Act Before the Breakup: Use a Contract to Keep Your Brand Whole

Let’s start with a Richmond-connected trivia question: What was the greatest hit of the 1990s R&B three-girl group JADE? In 1992, the song sold 1.5 million copies and was certified “gold” by the Recording Industry Association of America. Answer at the end.

JADE consisted of Joi Marshall, Tonya Harris (who used the stage name Tonya Kelly), and Di Reed.

In 2015, Marshall gave a TED Talk at Richmond’s Carpenter Theater about her experience in the music business. She recounted that, despite JADE’s success, she saw little money because of recording-contract language that the band didn’t understand.

She went broke, which pushed her to get a secretarial job with a Los Angeles entertainment firm to pay her bills. There, her work included “typing out contracts.” She later began teaching about the music business in Atlanta.

In the talk, she said her younger self had a “knowledge gap” between what she thought she knew and reality, and she urged the audience to “make sure you know the business around your passion.”

Did Marshall practice what she preached? A recently decided federal appellate court case concerning the rights to the JADE band name – one resulting from a lawsuit filed six years after that TED talk – demonstrates the perils of doing business with others without an agreement on naming rights.

JADE broke up in the late 1990s. In 2018, they planned a reunion tour and federally registered the JADE band name as a service mark, listing the three performers as co-owners. But things didn’t work out. The reunion tour fell through.

In 2021, Marshall (our Richmond speaker) and Harris performed as JADE in a small concert series without Reed, cutting her out. Marshall and Harris replaced Reed with another singer. Marshall and Harris didn’t get Reed’s permission to use the JADE name for the reconstituted group.

Reed sued in federal court, asserting service mark infringement and related claims, including false advertising. At the least, Reed wanted a share of the earnings from the tour.

She lost on all counts in the district court, and the U.S. Court of Appeals for the Fifth Circuit affirmed that loss in July. Key takeaway: Don’t co-own a name without a contract among the co-owners!

The courts held that, because each band member co-owned the JADE mark, under federal trademark law, each had the right to use that name independently of one another, and none of them had to account to the others for any money earned from performing under that name. Thus, Reed got nothing from the 2021 performance revenues and can’t use federal trademark law to stop Marshall and Harris from doing it again.

This unfortunate situation can arise with any business name co-owned by a group of people without a written agreement that addresses name rights.
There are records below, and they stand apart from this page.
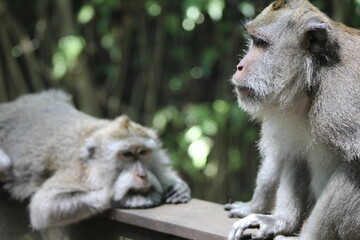 Monkeys At Sacred Forest Sanctuary Ubud Bali Indonesia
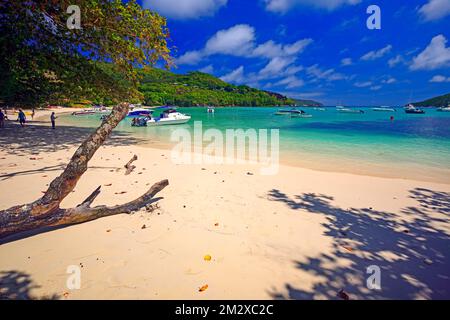 Parc national marin de la Baie-Ternay, île Mahé, Seychelles Banque D'Images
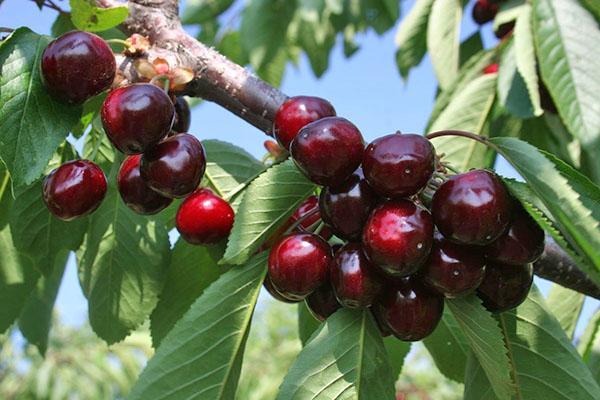 grado de cereza Revna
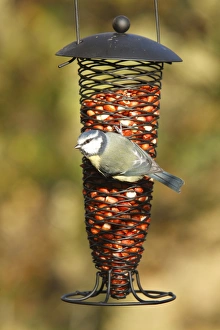 Blue Tit (Parus caeruleus) adult, feeding on peanuts at hanging feeder, Powys, Wales, november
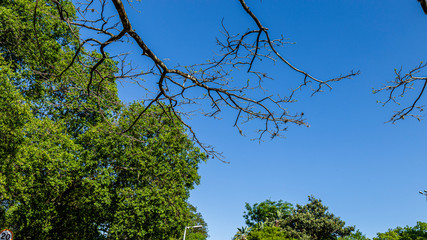 PARQUE DO IBIRAPUERA - SÃO PAULO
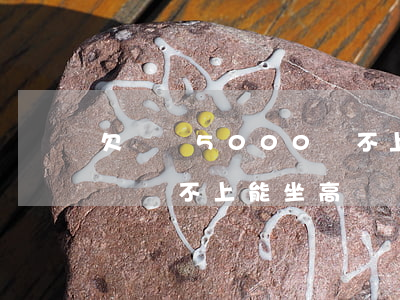 欠網貸5000還不上還能坐高鐵嘛-欠網貸還不上能坐高鐵嗎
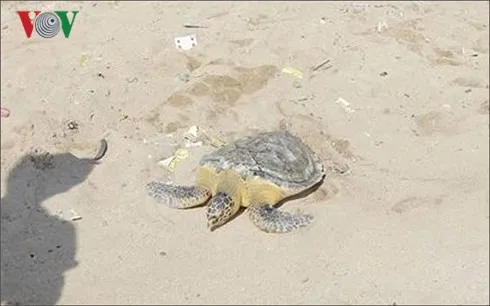 Thả rùa biển nặng gần 9kg về đại dương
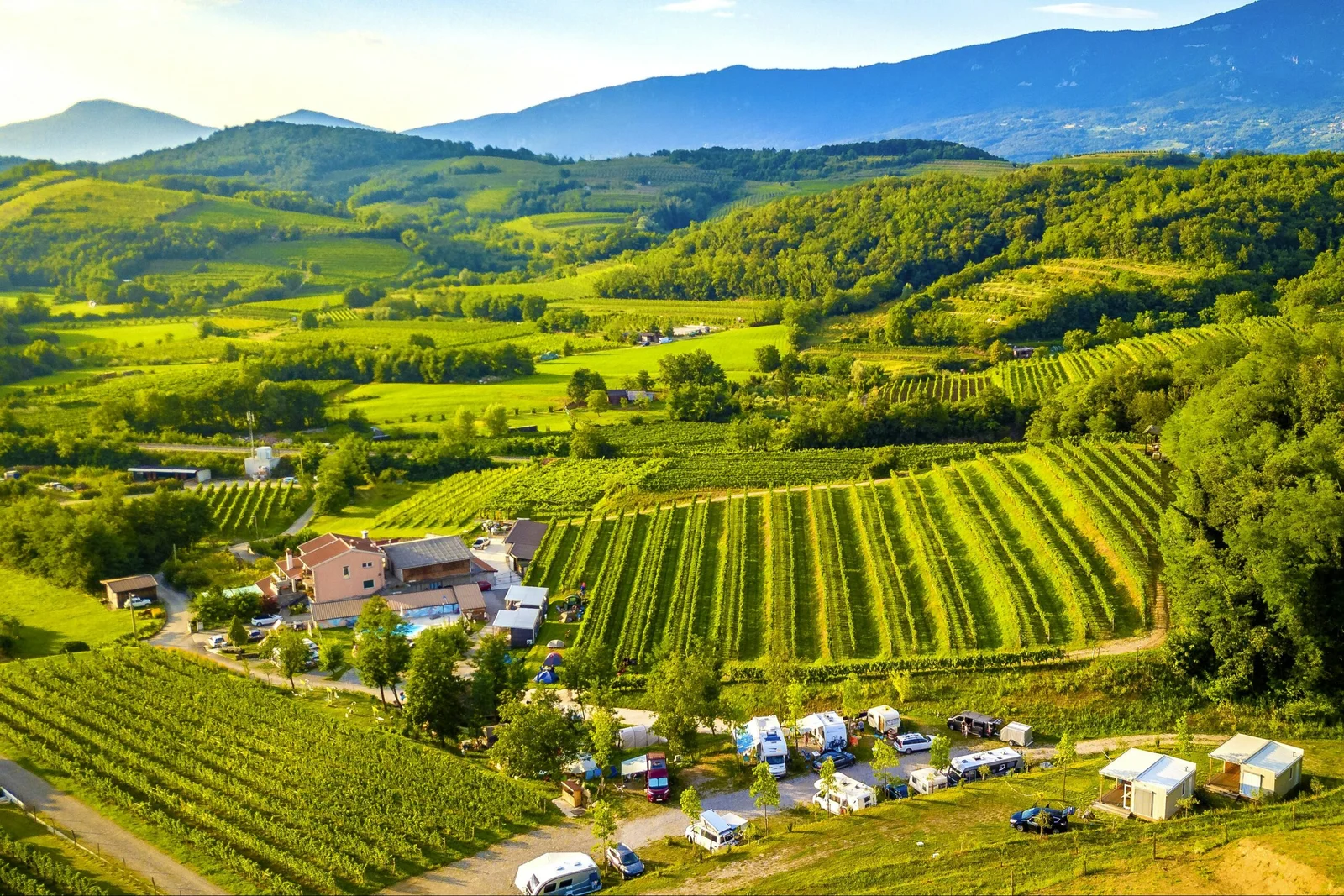 Saxida Wine & Camping Resort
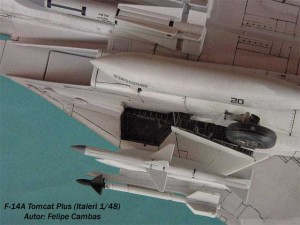 F-14A Tomcat Plus (7)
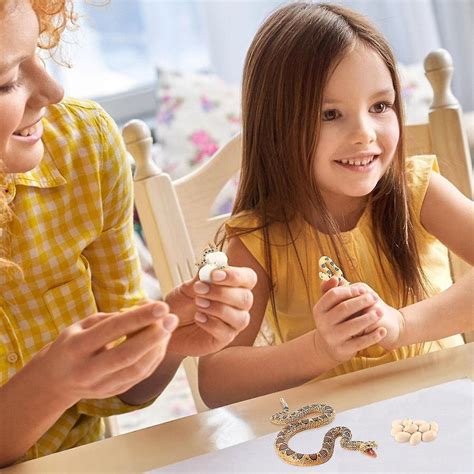 Boa Snake Growth Cycle,realistic Snake Model Toy | Life Cycle Figurines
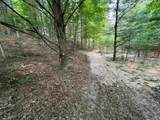 Lot #4 Bellinger Road - Photo 20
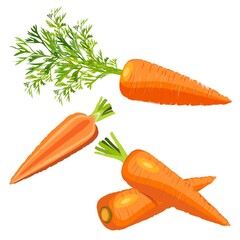 The cartoon style of carrots set for banners, flyers. Whole carrots, half carrot, carrot with tops. Fresh organic and healthy, vegetarian vegetables. Vector illustration isolated on white background.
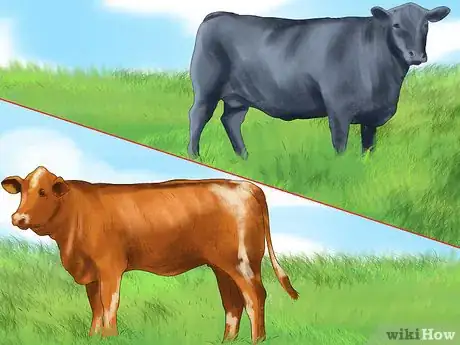 Image titled Identify Red Poll Cattle Step 2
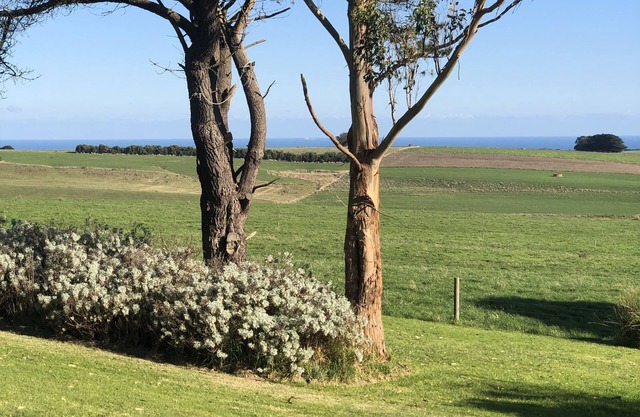Twelve Apostles Ocean View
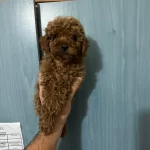 Tatlı Yavrumuz Yeni Yuvasını Bekliyor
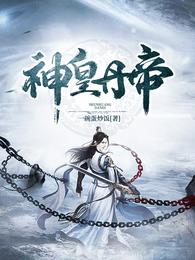 神皇丹帝 封面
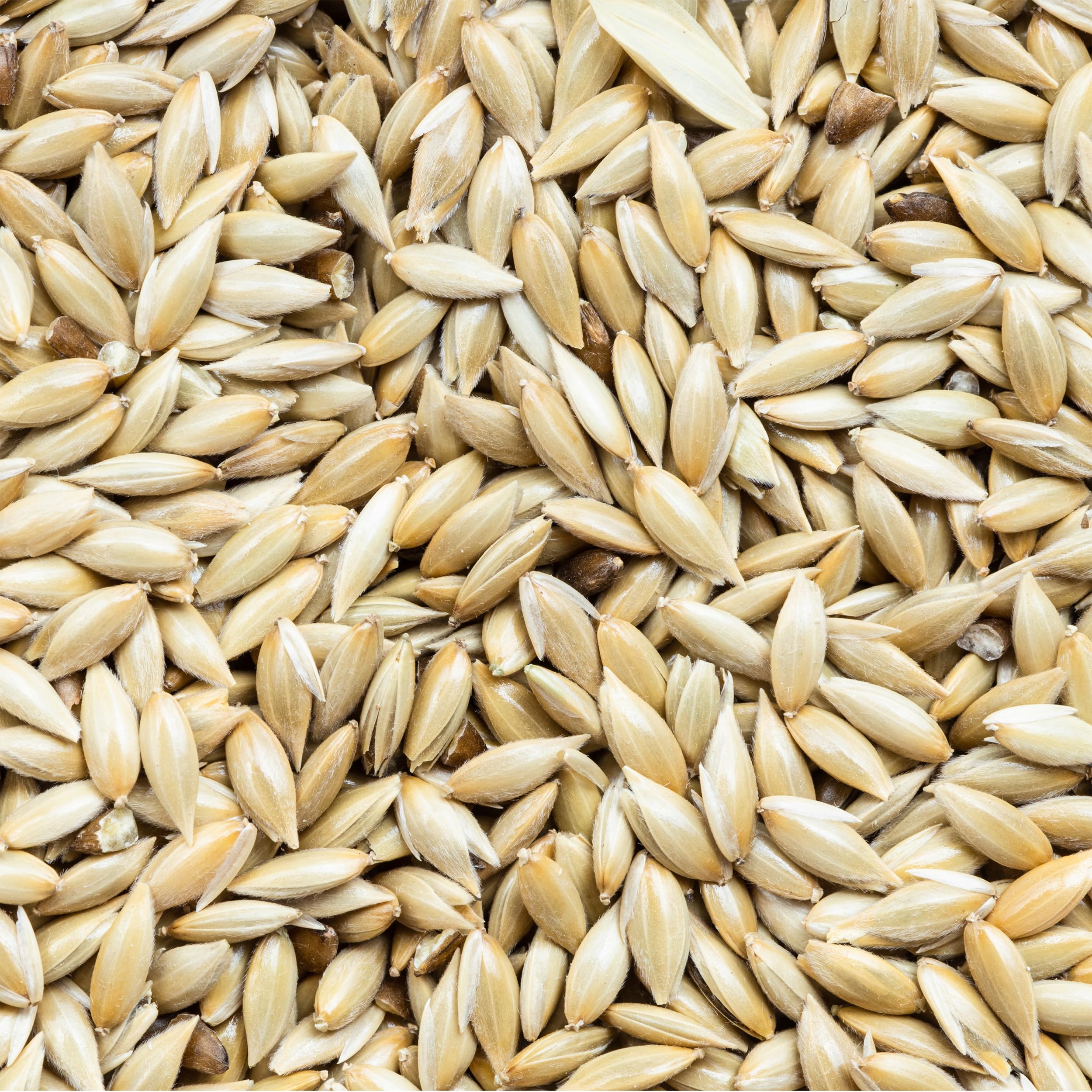 Unida bird seed close-up texture emphasizes freshness and quality.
This problem usually arises from a breakup resulting from disagreement or divorce, such as the dissolution of an informal partnership or joint venture, a falling out among members of a family business, or a death resulting in a business being owned by multiple heirs.

How do you prevent this problem?

Simple: Have a written agreement between the business owners that addresses the issue. State who controls the use of the business name (which is a mark). Must a decision be unanimous? Is a manager appointed to decide? Address whether any participant or subset can use the mark outside of the group. Provide for what happens if the group breaks up.

Typically, you prevent problems by forming a corporate entity that owns the group’s mark rights. When doing so, that corporation or LLC should be the sole owner of the mark. If you register the business name as a mark (on the federal or state level), the business entity, not one or more individuals, should be the applicant and registration owner.

On the flipside, though, if you are part of an informal group with a valuable name, don’t presume you can use the business name alone or in collaboration with new partners. Under trademark law, the person or entity that controls the quality of the goods or services associated with the mark is the owner of the mark.

This is a fact-intensive analysis that will produce varying outcomes in different circumstances. For example, depending on how a musical group is composed and managed, the general manager might own the band name rather than the performers.

Returning to the trivia question, JADE’s biggest hit was “Don’t Walk Away.” In it, the three singers implore some unnamed guy to be faithful rather than seeking only a one-night stand.

The ladies wanted commitment. Ironically, it was the lack of a contractual commitment to each other about use of their band name that led to expensive litigation over what probably were modest profits from a small reunion tour.